After check running the command below, log into your Snowflake environment and make sure the table was created. It should have 60 rows. DO NOT RUN THIS TWICE. Otherwise, it will append the rows twice If you need to rerun it, drop the table first (from the snowflake console or here following the syntax above eg ```session.sql("drop table CREDIT_REQUESTS").collect()```

In [30]:
credit_requests = pd.read_csv('credit_request.csv')
session.write_pandas(credit_requests,"CREDIT_REQUESTS",auto_create_table='True')

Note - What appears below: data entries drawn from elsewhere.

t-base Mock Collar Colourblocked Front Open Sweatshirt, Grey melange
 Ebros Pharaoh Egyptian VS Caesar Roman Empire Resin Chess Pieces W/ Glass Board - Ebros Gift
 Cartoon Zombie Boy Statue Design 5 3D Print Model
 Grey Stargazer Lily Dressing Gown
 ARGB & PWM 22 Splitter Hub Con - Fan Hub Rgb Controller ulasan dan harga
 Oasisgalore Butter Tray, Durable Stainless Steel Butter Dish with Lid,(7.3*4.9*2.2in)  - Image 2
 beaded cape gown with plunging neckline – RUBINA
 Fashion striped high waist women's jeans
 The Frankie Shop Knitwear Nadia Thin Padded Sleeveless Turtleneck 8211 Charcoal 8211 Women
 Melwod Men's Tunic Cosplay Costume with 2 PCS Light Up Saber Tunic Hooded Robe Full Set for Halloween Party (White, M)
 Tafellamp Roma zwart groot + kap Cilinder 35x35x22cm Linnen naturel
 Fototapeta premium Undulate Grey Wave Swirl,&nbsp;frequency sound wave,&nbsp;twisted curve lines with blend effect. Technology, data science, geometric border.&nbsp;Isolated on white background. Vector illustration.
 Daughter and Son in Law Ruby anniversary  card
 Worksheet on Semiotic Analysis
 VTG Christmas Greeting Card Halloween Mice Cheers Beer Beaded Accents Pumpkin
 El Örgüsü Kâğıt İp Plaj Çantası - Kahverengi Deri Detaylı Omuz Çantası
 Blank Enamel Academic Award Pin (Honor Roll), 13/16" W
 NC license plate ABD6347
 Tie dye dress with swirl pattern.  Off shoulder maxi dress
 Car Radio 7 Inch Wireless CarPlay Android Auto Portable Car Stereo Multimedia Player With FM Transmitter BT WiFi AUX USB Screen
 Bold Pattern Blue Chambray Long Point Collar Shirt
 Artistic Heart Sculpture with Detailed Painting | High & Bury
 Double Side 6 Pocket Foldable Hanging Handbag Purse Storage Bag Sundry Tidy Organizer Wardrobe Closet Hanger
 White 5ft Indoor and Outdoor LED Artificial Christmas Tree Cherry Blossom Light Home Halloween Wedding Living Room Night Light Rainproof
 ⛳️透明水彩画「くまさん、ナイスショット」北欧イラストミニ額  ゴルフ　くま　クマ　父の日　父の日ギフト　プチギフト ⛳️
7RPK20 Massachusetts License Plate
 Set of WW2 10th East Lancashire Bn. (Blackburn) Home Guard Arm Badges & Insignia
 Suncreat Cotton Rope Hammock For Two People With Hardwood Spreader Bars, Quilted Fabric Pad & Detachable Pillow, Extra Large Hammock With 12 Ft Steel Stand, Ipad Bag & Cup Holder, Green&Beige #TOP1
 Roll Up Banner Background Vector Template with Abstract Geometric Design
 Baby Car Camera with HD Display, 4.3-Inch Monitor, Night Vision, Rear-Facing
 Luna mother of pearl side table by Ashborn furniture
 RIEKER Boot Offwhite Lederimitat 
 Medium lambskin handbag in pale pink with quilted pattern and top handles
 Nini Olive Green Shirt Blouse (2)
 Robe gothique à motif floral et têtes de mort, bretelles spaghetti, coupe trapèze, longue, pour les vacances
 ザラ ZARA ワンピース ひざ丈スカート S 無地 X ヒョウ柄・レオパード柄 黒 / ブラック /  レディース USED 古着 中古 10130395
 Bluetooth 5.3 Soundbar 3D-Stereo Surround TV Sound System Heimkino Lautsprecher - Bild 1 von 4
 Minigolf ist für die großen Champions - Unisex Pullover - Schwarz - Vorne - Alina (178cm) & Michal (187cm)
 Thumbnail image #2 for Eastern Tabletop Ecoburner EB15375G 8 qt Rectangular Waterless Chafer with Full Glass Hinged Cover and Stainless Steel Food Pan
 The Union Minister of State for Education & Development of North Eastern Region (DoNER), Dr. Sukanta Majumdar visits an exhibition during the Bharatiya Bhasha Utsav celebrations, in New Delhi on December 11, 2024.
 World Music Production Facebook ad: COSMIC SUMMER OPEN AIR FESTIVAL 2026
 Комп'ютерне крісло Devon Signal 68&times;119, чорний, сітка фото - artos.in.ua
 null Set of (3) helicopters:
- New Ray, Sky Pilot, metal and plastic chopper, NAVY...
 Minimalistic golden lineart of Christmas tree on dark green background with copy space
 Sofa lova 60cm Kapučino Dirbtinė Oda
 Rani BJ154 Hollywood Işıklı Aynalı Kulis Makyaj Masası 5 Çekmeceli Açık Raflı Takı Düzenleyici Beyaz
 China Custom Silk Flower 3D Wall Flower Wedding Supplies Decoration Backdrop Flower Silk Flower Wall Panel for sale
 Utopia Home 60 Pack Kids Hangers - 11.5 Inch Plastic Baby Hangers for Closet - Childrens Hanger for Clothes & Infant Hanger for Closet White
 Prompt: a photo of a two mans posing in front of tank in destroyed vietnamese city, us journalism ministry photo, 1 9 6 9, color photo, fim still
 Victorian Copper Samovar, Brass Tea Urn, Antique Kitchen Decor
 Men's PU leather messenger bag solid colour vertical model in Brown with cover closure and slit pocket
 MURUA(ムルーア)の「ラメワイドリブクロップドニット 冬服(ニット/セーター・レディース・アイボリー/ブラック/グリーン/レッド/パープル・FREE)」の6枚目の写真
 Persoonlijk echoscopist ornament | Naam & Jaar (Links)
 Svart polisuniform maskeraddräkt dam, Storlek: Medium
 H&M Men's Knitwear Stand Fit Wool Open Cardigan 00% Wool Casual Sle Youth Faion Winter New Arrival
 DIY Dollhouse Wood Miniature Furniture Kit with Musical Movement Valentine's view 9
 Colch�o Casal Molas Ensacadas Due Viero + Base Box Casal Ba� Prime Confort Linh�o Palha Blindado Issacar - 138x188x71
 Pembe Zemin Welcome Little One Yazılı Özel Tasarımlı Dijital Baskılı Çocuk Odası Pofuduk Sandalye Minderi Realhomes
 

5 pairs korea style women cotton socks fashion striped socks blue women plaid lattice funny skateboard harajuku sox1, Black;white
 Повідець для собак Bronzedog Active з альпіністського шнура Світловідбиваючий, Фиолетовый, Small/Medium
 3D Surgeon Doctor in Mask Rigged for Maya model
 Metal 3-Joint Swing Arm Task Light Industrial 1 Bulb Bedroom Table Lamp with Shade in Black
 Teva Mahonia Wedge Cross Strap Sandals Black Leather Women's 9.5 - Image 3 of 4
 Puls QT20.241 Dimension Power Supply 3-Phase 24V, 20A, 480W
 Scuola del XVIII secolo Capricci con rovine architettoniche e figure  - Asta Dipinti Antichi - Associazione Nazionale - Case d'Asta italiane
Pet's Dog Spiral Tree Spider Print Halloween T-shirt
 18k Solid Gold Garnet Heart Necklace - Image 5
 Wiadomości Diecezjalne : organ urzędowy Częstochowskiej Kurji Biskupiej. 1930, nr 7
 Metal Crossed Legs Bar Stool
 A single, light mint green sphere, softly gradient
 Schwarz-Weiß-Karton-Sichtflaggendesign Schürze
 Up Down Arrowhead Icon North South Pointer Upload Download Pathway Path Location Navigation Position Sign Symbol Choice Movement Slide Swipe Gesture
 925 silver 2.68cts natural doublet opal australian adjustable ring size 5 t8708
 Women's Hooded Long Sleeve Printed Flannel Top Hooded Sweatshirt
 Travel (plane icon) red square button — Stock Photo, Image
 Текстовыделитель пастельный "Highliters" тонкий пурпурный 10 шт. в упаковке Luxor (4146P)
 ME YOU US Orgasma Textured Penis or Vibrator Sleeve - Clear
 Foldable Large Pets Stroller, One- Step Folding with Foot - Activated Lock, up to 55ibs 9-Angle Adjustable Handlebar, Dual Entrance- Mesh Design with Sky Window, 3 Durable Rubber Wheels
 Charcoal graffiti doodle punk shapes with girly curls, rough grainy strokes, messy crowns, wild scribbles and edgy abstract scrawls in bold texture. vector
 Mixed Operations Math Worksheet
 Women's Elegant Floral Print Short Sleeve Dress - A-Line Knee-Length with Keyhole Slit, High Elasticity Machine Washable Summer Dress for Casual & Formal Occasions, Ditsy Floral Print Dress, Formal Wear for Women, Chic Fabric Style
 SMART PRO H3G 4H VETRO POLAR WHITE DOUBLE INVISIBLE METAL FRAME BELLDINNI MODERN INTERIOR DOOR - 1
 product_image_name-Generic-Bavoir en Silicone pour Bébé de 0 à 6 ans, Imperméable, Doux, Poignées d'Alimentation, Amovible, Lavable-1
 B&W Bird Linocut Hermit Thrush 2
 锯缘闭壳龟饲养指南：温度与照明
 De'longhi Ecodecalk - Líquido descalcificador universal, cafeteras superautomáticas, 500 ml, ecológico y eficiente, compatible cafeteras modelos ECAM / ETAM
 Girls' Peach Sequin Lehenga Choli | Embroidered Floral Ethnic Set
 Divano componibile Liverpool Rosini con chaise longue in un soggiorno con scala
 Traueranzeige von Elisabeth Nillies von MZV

<snowflake.snowpark.table.Table at 0x12919277d00>

In [31]:
credit_req_df = session.table("CREDIT_REQUESTS")
credit_req_df.schema

StructType([StructField('CREDIT_REQUEST_ID', LongType(), nullable=True), StructField('CREDIT_AMOUNT', LongType(), nullable=True), StructField('CREDIT_DURATION', LongType(), nullable=True), StructField('PURPOSE', StringType(), nullable=True), StructField('INSTALLMENT_COMMITMENT', LongType(), nullable=True), StructField('OTHER_PARTIES', StringType(), nullable=True), StructField('CREDIT_SCORE', LongType(), nullable=True), StructField('CHECKING_BALANCE', DoubleType(), nullable=True), StructField('SAVINGS_BALANCE', DoubleType(), nullable=True), StructField('EXISTING_CREDITS', LongType(), nullable=True), StructField('ASSETS', StringType(), nullable=True), StructField('HOUSING', StringType(), nullable=True), StructField('QUALIFICATION', StringType(), nullable=True), StructField('JOB_HISTORY', LongType(), nullable=True), StructField('AGE', LongType(), nullable=True), StructField('SEX', StringType(), nullable=True), StructField('MARITAL_STATUS', StringType(), nullable=True), StructField('NUM_DE

In [32]:
credit_req_df.toPandas().head()

SnowparkFetchDataException: (1406): Failed to fetch a Pandas Dataframe. The error is: to_pandas() did not return a Pandas DataFrame. If you use session.sql(...).to_pandas(), the input query can only be a SELECT statement. Or you can use session.sql(...).collect() to get a list of Row objects for a non-SELECT statement, then convert it to a Pandas DataFrame.

In [33]:
credit_req_df.toPandas().info()

SnowparkFetchDataException: (1406): Failed to fetch a Pandas Dataframe. The error is: to_pandas() did not return a Pandas DataFrame. If you use session.sql(...).to_pandas(), the input query can only be a SELECT statement. Or you can use session.sql(...).collect() to get a list of Row objects for a non-SELECT statement, then convert it to a Pandas DataFrame.